Because we focus on new and emerging solutions at Worldchanging, we don't talk too often about permaculture, because while it's a beautiful and brilliant tool for sustainable gardening and food production, it's been around for quite a while. But a story passed through today about a recent project by the Permaculture Research Institute of Australia, which uses permaculture to turn a barren, arid Jordanian desert into a fruitful garden and orchard, and suggests that the process can be a powerful solution to some of our most pressing global problems.
This video tells the story of a seemingly impossible feat achieved by permaculture designer, Geoff Lawton, in which he trained a group of locals in the principals of permaculture, and together they transformed the "hyper-arid" land until it bore fruit, desalinated water, and created fertile ground which requires very little water to be productive.
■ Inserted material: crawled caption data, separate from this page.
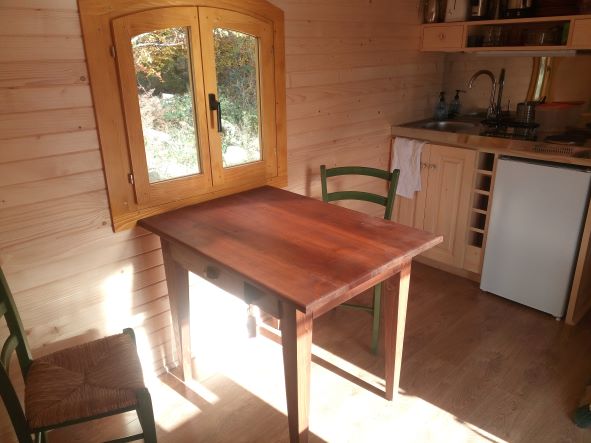 Salon table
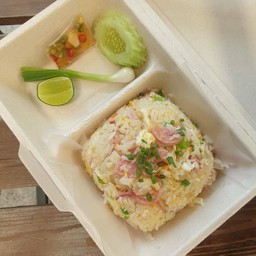 ข้าวผัดแหนม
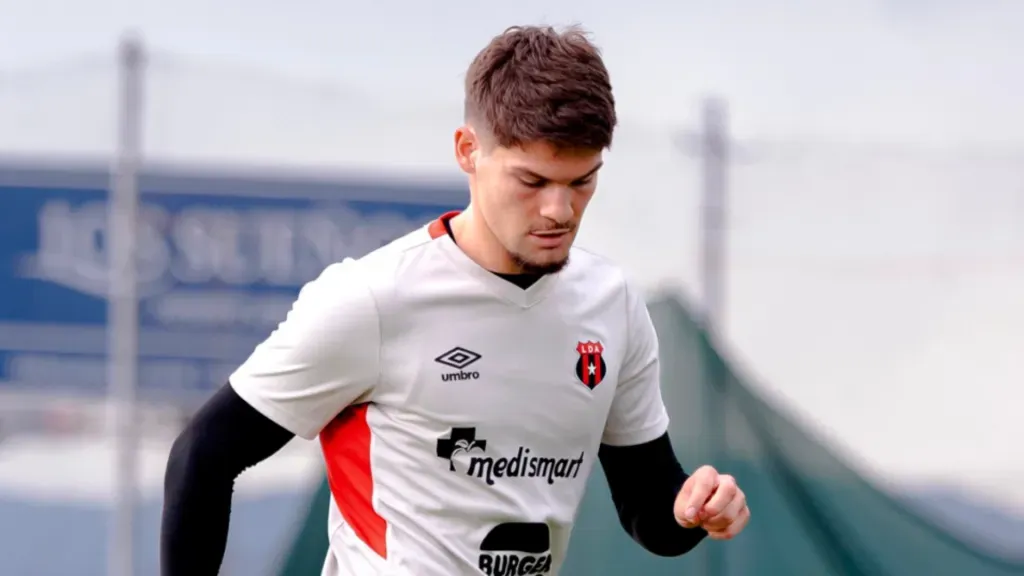 Elián Quesada no cuenta con minutos. (Foto: LDA)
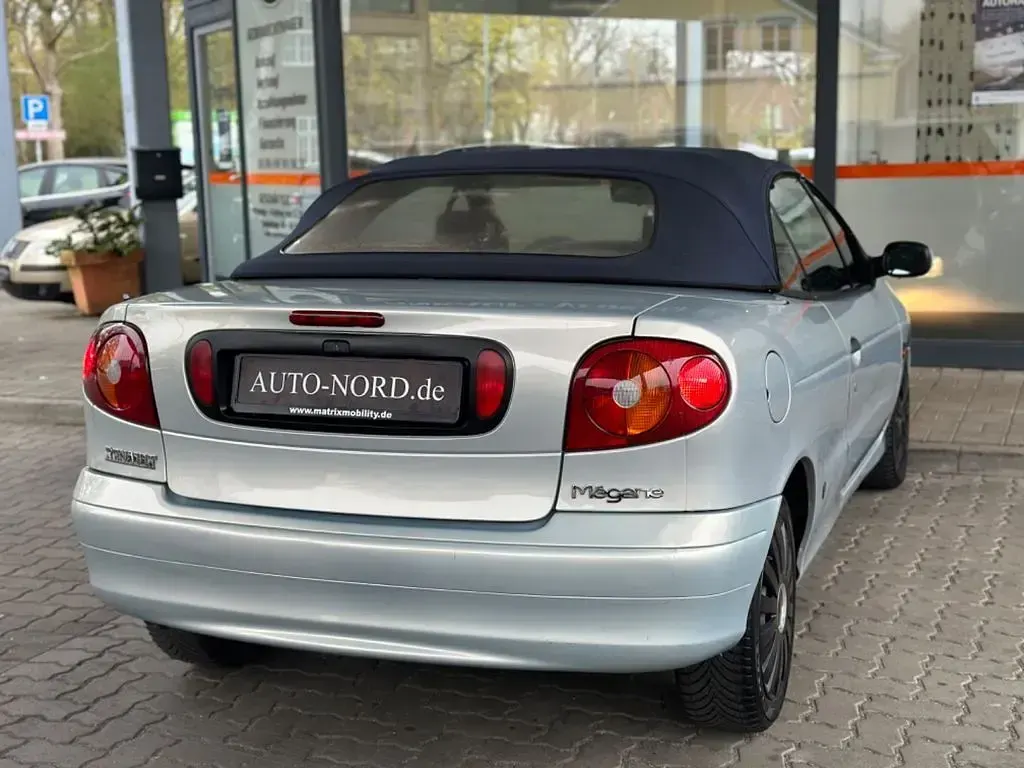 Gebraucht Renault Mégane Cabriolet Dynamique 95 PS (69 kW) 2001 Silber Cabrio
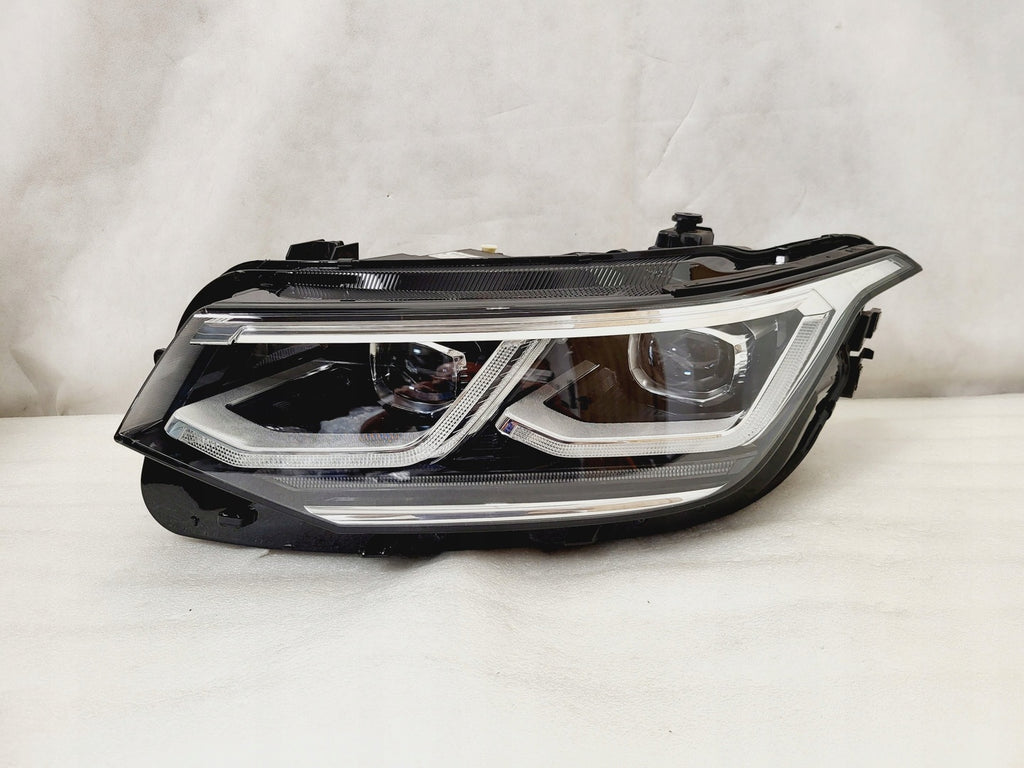 Frontscheinwerfer VW Tiguan 5NB941081C LED Ein Stück (Rechts oder Links)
If it can be done there, argues Lawton, it can be done anywhere, and it can become a real tool for addressing pollution, desertification and global warming.
Anyone knows whatever happened to permapedia.com? Might they join forces with appropedia.com or similar venues?
It can be difficult to describe the detailed nature of developing a permaculture system. Permaculture is about designing an ecosystem. I don't think that the Geoff's youtube video does this project enough justice, it maybe his humility. They even built a pond to raise geese and fish to provide nutrients for the irrigation system.
Here are the web links describing the project in detail with the more technical aspects of the design process, soil type and nutrient consistency, local plant varieties utilized, crop yields, water management, integrated pest management system, ect. I hope this is helpful for anyone interested in an in depth analysis of a permaculture project. Books on the subject can be expensive and hard to find so these resources are a pretty good start.
I'm slightly annoyed by the arrogant tone, but other than that, good going and hope he continues!
Have a look at the desert research institute at Sde Boker: http://desert.bgu.ac.il/desert/EngStart.aspx
The Nabatians have mastered the art of desert agriculture a millennium ago, and people are now trying to revive their methods:
Wow.... That is amazing. I wonder what we could do with the Sahara.
I wonder if his techniques are in anyway compatible with the "black-earth" or "black-soil" research? (Whatever it is called - the use of fish waste and bio-char to sequester carbon but which also holds water and nutrients that would otherwise run off and stimulates biotic activity in the soil.)
It might be feasible to use some black-earth under or instead of the mulch.
I have also heard of a seaweed protein that someone was considering for use in desert reclamation projects due to its ability to hold water that would otherwise dry up. If this could be combined with the "hydroseeding" to make it more effective in desert areas it might help by creating a grassy buffer between the reclaimed gullies and dryer nearby areas. It might help hold dew at the ground level instead of being lost to the desert sky.